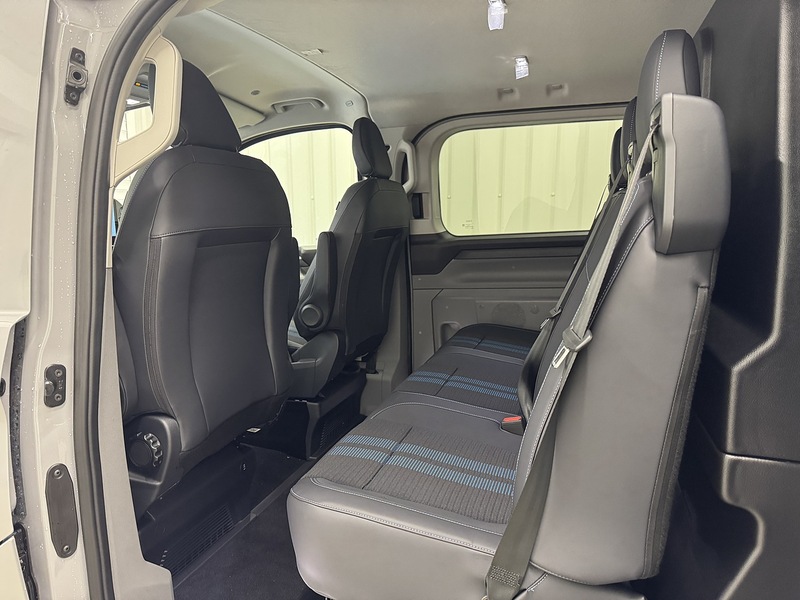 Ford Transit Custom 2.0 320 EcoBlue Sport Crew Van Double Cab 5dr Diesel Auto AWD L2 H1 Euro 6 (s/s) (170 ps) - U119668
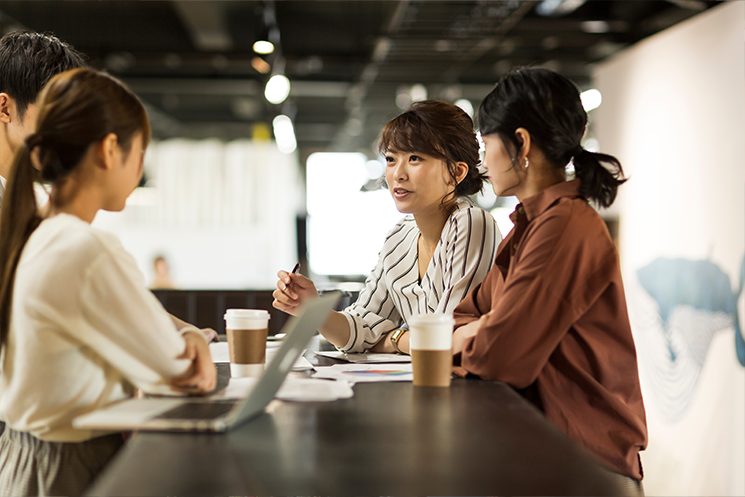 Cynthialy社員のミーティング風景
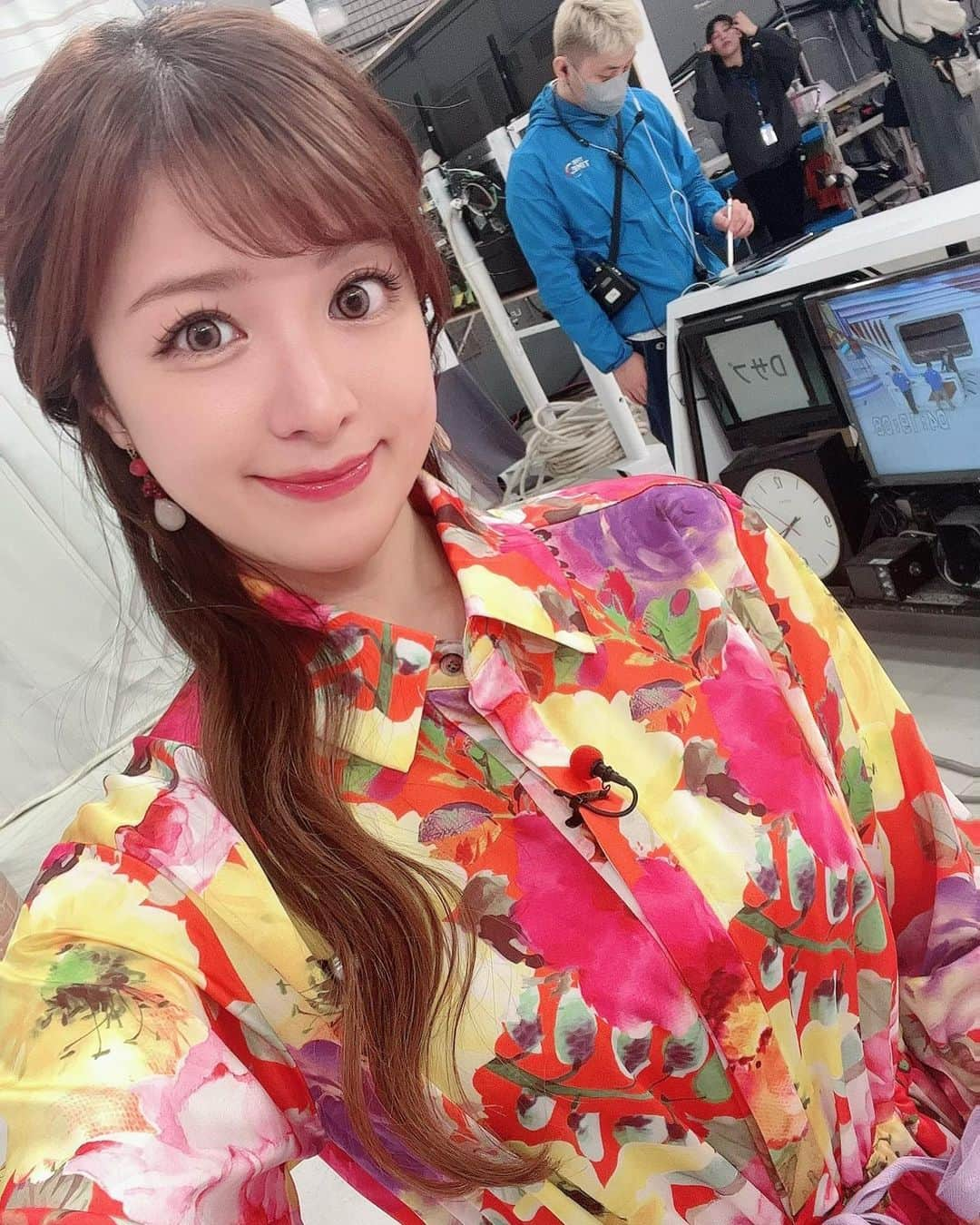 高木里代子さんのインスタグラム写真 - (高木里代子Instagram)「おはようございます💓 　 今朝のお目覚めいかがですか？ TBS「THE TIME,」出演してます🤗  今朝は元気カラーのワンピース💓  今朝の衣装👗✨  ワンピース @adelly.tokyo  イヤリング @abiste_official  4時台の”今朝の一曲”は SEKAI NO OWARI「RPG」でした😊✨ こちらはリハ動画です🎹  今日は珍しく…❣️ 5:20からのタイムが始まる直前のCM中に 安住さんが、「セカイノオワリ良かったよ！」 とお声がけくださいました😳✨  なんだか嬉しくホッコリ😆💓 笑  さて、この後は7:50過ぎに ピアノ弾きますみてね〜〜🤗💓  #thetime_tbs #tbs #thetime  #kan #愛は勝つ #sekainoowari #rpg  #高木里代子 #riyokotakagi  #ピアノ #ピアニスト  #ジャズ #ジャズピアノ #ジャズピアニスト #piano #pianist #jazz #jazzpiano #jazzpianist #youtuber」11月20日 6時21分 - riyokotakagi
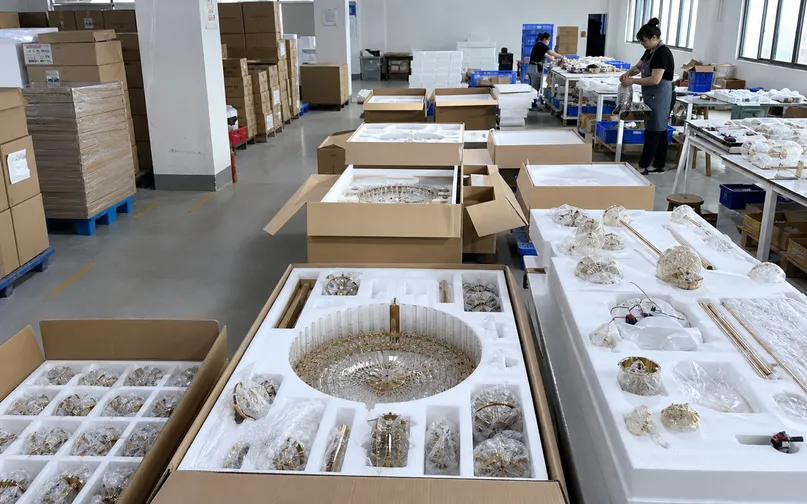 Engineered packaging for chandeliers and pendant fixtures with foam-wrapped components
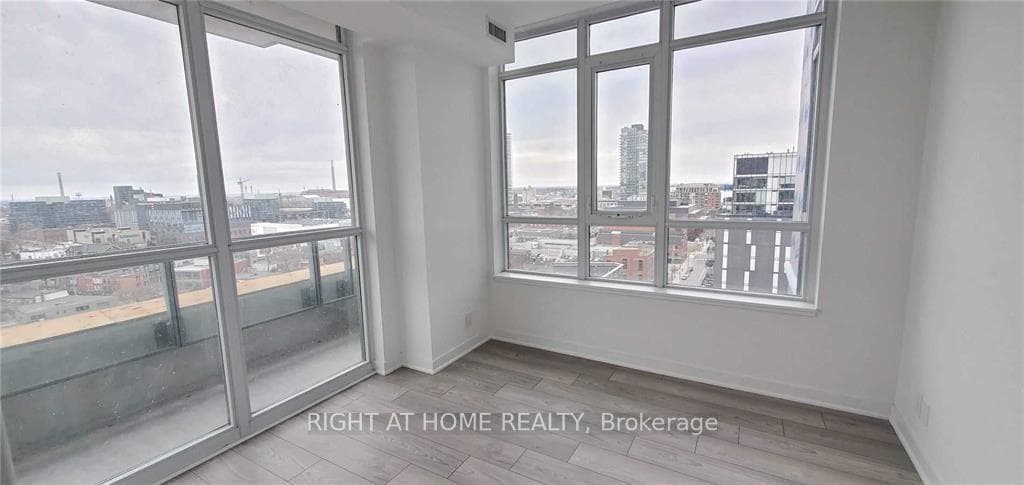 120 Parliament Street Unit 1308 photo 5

* * *

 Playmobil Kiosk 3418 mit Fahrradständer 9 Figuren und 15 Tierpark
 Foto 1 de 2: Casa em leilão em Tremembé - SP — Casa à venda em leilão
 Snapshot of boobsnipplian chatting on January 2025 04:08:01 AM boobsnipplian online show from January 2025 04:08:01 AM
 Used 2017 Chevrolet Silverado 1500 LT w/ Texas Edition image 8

...

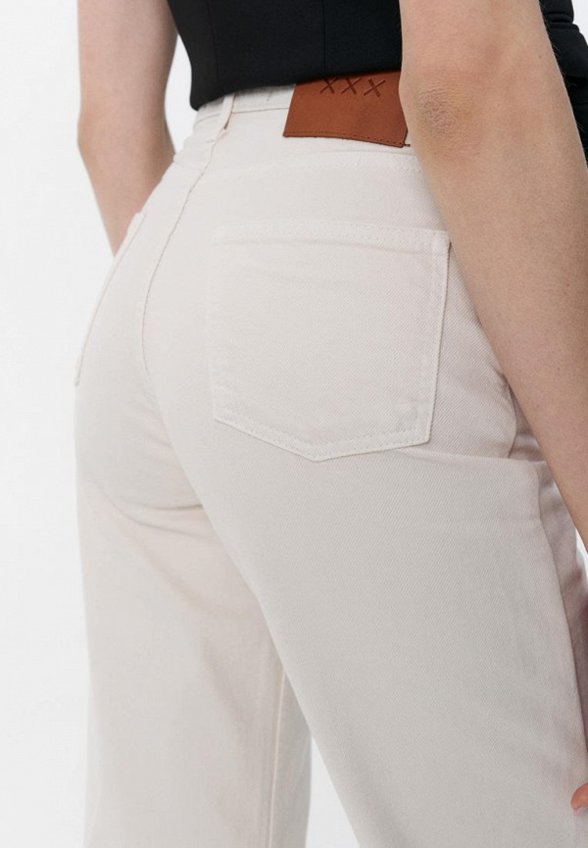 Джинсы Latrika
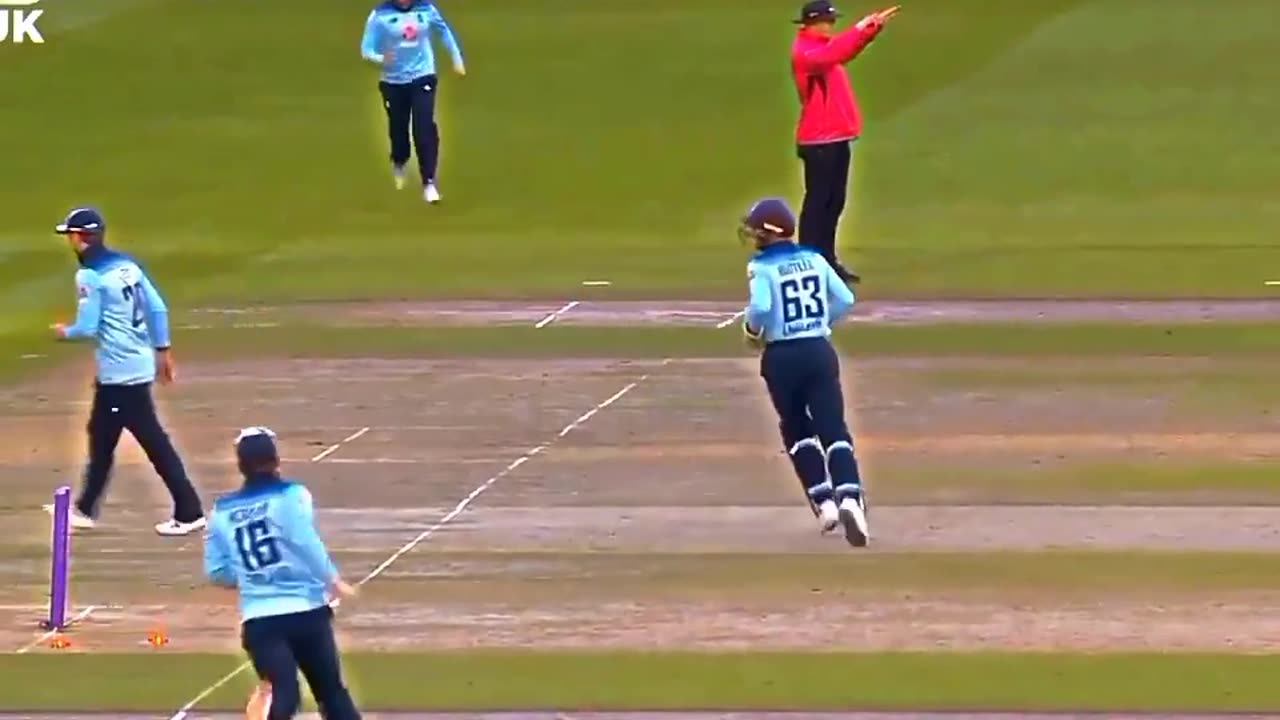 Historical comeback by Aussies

WHAT YOU SHOULD DO: Starting at the line above that contains "高木里代子さんのインスタグラム写真 - (高木里代子Instagram)「おはようございます💓", transcribe every line exactly through the line that contains "120 Parliament Street Unit 1308 photo 5", including that last one, and skip the pictures.

TASK ANSWER:
 高木里代子さんのインスタグラム写真 - (高木里代子Instagram)「おはようございます💓 　 今朝のお目覚めいかがですか？ TBS「THE TIME,」出演してます🤗  今朝は元気カラーのワンピース💓  今朝の衣装👗✨  ワンピース @adelly.tokyo  イヤリング @abiste_official  4時台の”今朝の一曲”は SEKAI NO OWARI「RPG」でした😊✨ こちらはリハ動画です🎹  今日は珍しく…❣️ 5:20からのタイムが始まる直前のCM中に 安住さんが、「セカイノオワリ良かったよ！」 とお声がけくださいました😳✨  なんだか嬉しくホッコリ😆💓 笑  さて、この後は7:50過ぎに ピアノ弾きますみてね〜〜🤗💓  #thetime_tbs #tbs #thetime  #kan #愛は勝つ #sekainoowari #rpg  #高木里代子 #riyokotakagi  #ピアノ #ピアニスト  #ジャズ #ジャズピアノ #ジャズピアニスト #piano #pianist #jazz #jazzpiano #jazzpianist #youtuber」11月20日 6時21分 - riyokotakagi
 Engineered packaging for chandeliers and pendant fixtures with foam-wrapped components
 120 Parliament Street Unit 1308 photo 5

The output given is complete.